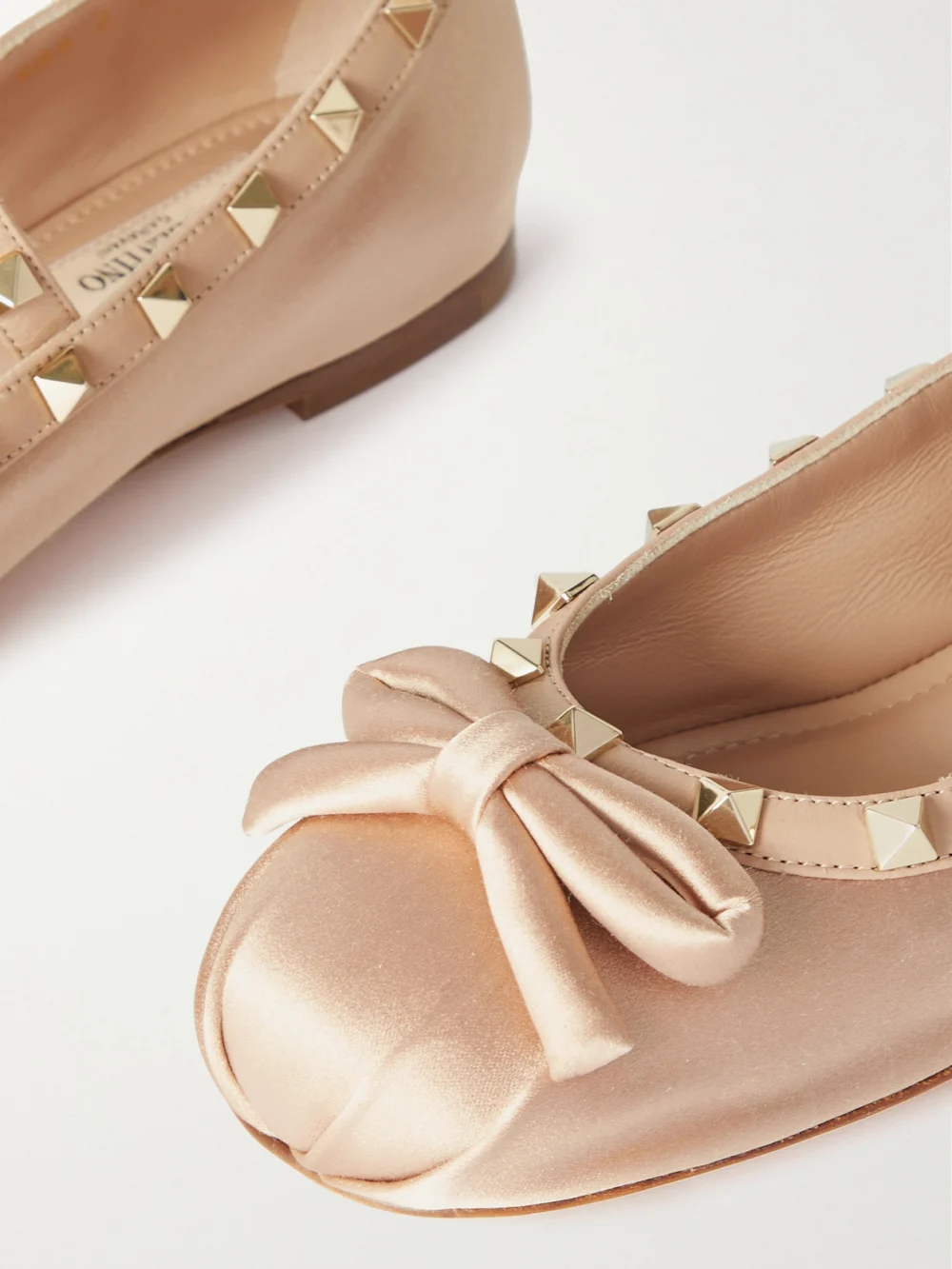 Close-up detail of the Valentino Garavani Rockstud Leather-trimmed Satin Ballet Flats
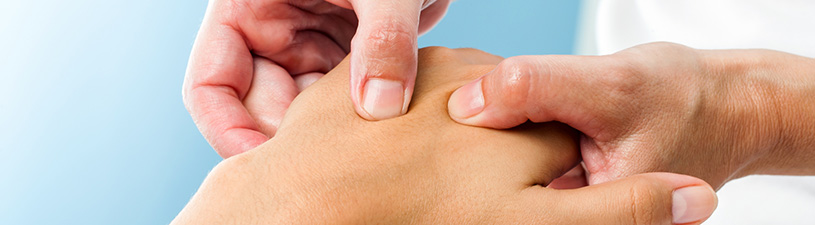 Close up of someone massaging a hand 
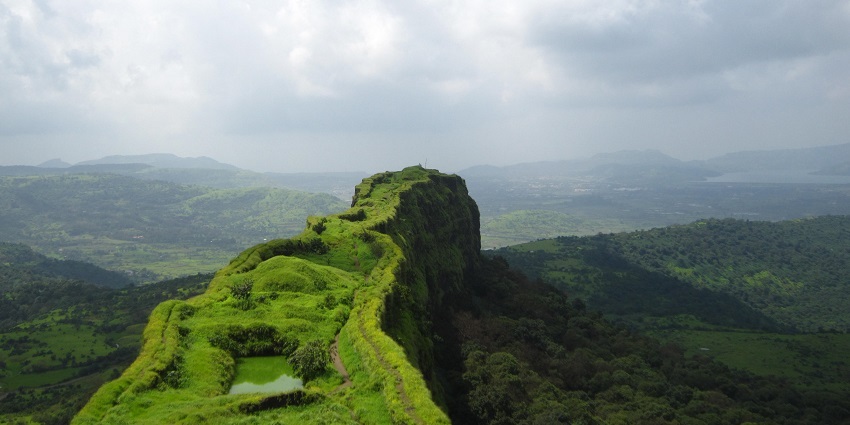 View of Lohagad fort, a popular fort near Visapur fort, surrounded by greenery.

WHAT IS REQUIRED:
Word-for-word output of the material above is needed, with the pictures left out.

FINISHED TASK:
 Close-up detail of the Valentino Garavani Rockstud Leather-trimmed Satin Ballet Flats
 Close up of someone massaging a hand 
 View of Lohagad fort, a popular fort near Visapur fort, surrounded by greenery.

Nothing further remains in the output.